Shuan Chen,Yousung Jung
2024-02-29
Abstract:Despite the acknowledged capability of template-free models in exploring unseen reaction spaces compared to template-based models for retrosynthesis prediction, their ability to venture beyond established boundaries remains relatively uncharted. In this study, we empirically assess the extrapolation capability of state-of-the-art template-free models by meticulously assembling an extensive set of out-of-distribution (OOD) reactions. Our findings demonstrate that while template-free models exhibit potential in predicting precursors with novel synthesis rules, their top-10 exact-match accuracy in OOD reactions is strikingly modest (< 1%). Furthermore, despite the capability of generating novel reactions, our investigation highlights a recurring issue where more than half of the novel reactions predicted by template-free models are chemically implausible. Consequently, we advocate for the future development of template-free models that integrate considerations of chemical feasibility when navigating unexplored regions of reaction space.
Chemical Physics,Machine Learning
What problem does this paper attempt to address?

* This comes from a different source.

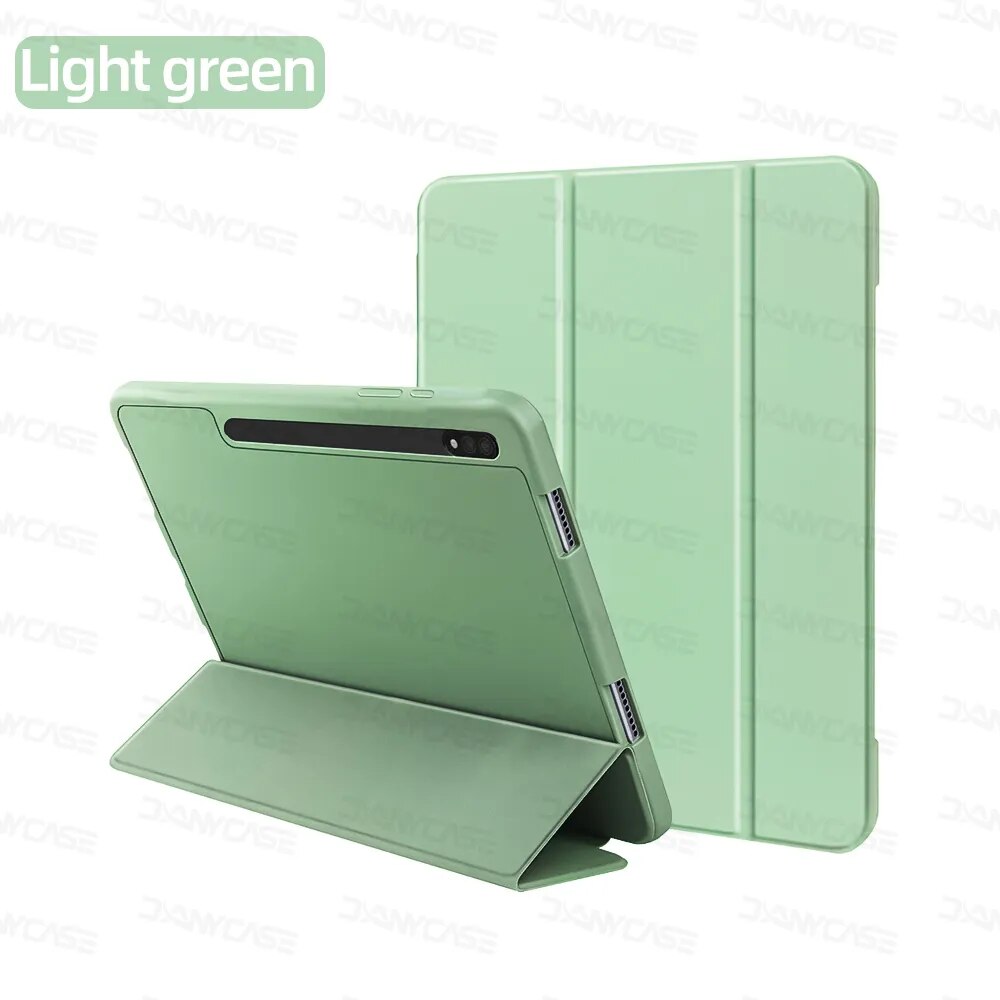 Deksel til Samsung Galaxy Tab S7/S8/S9 11 in for S6 Lite 10.4 S7 FE S8 S9 Plus 12.4 S8 S9 Ultra 14.6 med penneholder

This paper evaluates the predictive capability of template-free retrosynthesis models in predicting out-of-training-data-range reactions (i.e. out-of-distribution reactions). The study found that although these models can predict precursors with new synthesis rules, their accuracy in predicting exact matches of out-of-distribution reactions is very low (less than 1%). Furthermore, more than half of the predicted novel reactions were proven to be chemically infeasible. The paper empirically tests these models by carefully constructing a set of out-of-distribution reactions from different datasets and proposes that future development of template-free models should consider chemical feasibility when exploring unknown reaction space to improve prediction effectiveness and accuracy. The research results highlight the delicate balance between the capability, limitations, and practical application of template-free models in retrosynthesis prediction, calling for further improvement of the models to ensure chemical rationality.